HAPPY PASSOVER -- SHALOM


Tuesday, March 25, 2008

NUKE THE GARBAGE…!


The Great Pacific Garbage Patch is an area of debris in the North Pacific Gyre.

The center of the North Pacific Gyre is relatively stationary region of the Pacific Ocean (the area it occupies is often referred to as the horse latitudes) and the circular rotation around it draws waste material in. This has led to the accumulation of flotsam and other debris in huge floating 'clouds' of waste which have taken on informal names, the Great Pacific Garbage Patch, the Plastic soup, the Eastern Garbage Patch or the Pacific Trash Vortex. While historically this debris has biodegraded, the gyre is now accumulating vast quantities of plastic and marine debris. Rather than biodegrading, plastic photodegrades, disintegrating in the ocean into smaller and smaller pieces. These pieces, still polymers, eventually become individual molecules, which are still not easily digested.[1] Some plastics photodegrade into other pollutants. The floating particles also resemble zooplankton, which can lead to them being consumed by jellyfish, thus entering the ocean food chain. In samples taken from the gyre in 2001, the mass of plastic exceeded that of zooplankton (the dominant animal life in the area) by a factor of six. Many of these long-lasting pieces end up in the stomachs of marine birds and animals.[2]

For several years ocean researcher Charles Moore has been investigating a concentration of floating plastic debris in the North Pacific Gyre. He has reported concentrations of plastics on the order of 3,340,000 pieces/km² with a mean mass of 5.1kg/km² collected using a manta trawl with a rectangular opening of 0.9x0.15m² at the surface.
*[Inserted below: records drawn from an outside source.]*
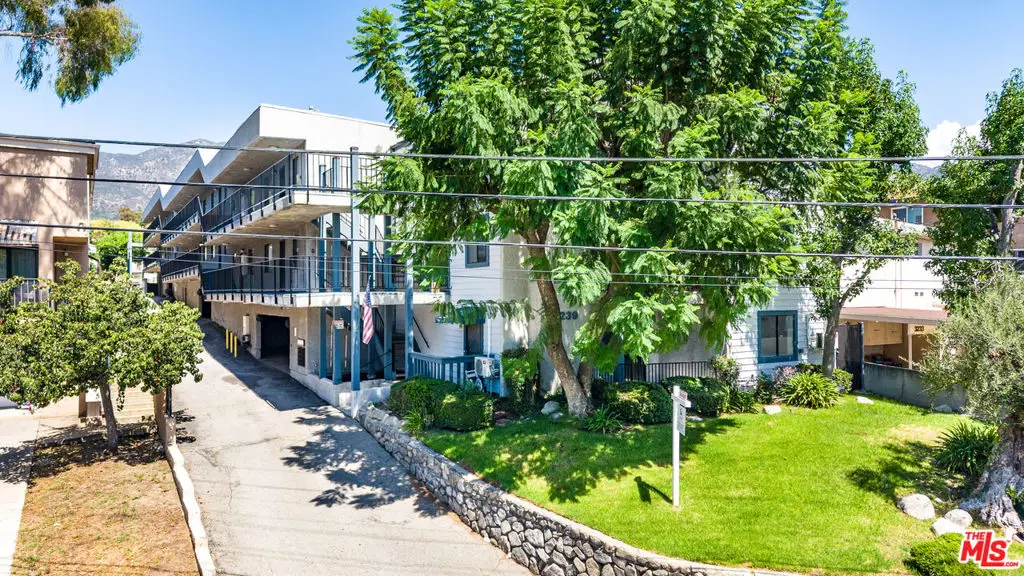 3239 Altura Avenue, La Crescenta, CA 91214 - #1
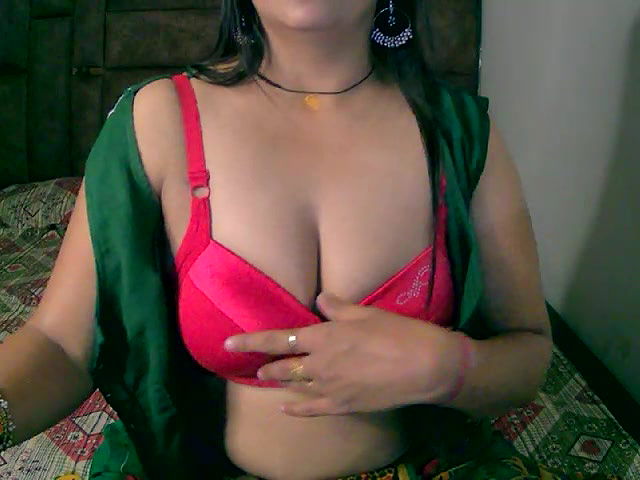 Stripchat-Public.Show-f-Kajal_G-2024.07.15.053320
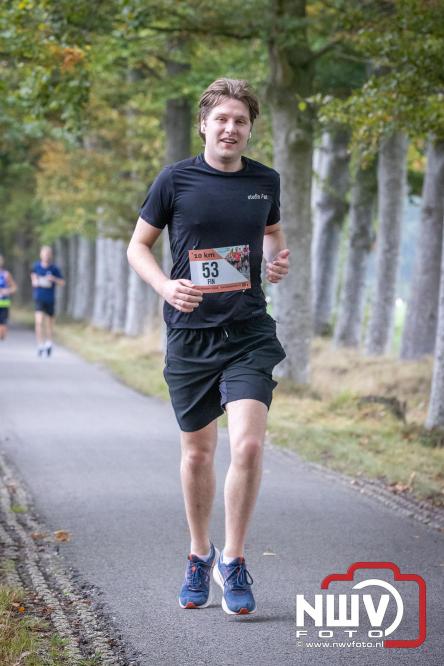 Run Oldebroek 2025 trekt opnieuw veel deelnemers die rennen voor het werk van GlobalRize. - © NWVFoto.nl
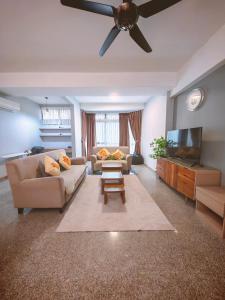 ChillHome 12Pax 3Bedrrom Fahrenheit 88 Pavilion Bukit Bintang TRX AJH1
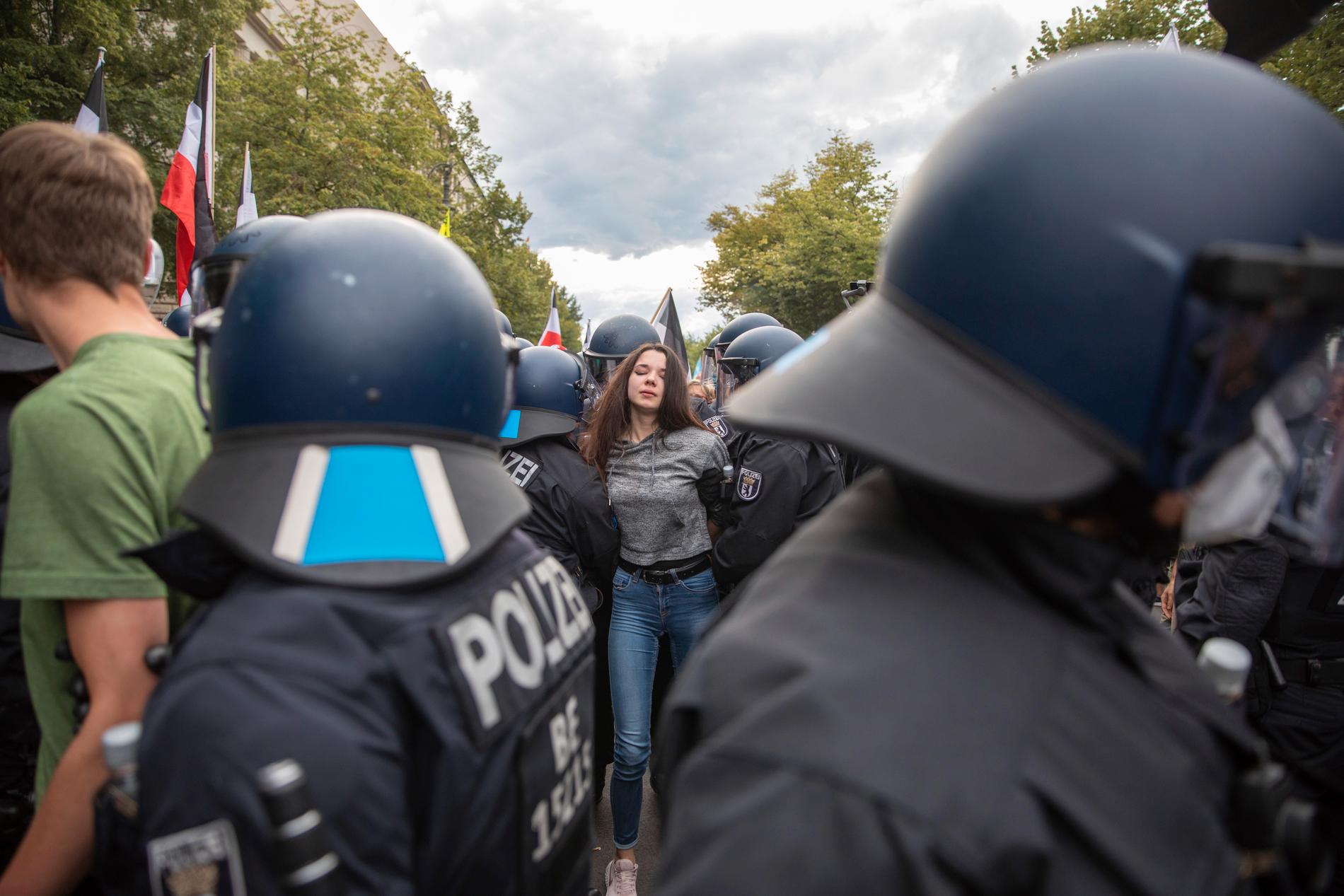 I Tyskland har man de senaste dagarna demonstrerat mot landets coronastrategi. Polisen fick ingripa när demonstranterna inte kunde hålla avstånd.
Trawls at depths of 10m found less than half, consisting primarily of monofilament line fouled with diatoms and other plankton.[3]

The size estimate of the patch varies depending on the source, with some claiming that it's twice as large as the continental United States.[4] Researcher Dr Marcus Eriksen believes the Great Pacific Garbage Patch is in fact two massive areas of swirling rubbish that are linked. Eriksen says the gyre stretches from about 500 nautical miles off the coast of California, across the Northern Pacific to near the coast of Japan[5].

Occasionally, shifts in the ocean currents release flotsam lost from cargo ships into the currents around the North Pacific Gyre, leading to predictable patterns of garbage washing up on the shores around the outskirts of the gyre. The most famous was the loss of approximately 80,000 Nike sneakers and boots from the ship Hansa Carrier in 1990: the currents of the gyre distributed the shoes around the shores of British Columbia, Washington, Oregon, and Hawaii over the following three years. Similar cargo spills have involved 29,000-30,000 plastic yellow ducks, blue turtles and green frogs bathtub toys in 1992 and hockey equipment in 1994. These events have become a major source of data on global-scale ocean currents. Various institutions have asked the public to report the landfall locations of the objects (trainers, rubber ducks, etc.) that wash up as a method of tracking surface waters' response to the deeper ocean currents.[6] [7]

The gyre is discussed in Alan Weisman's The World Without Us as an example of the near-indestructibility of discarded plastic.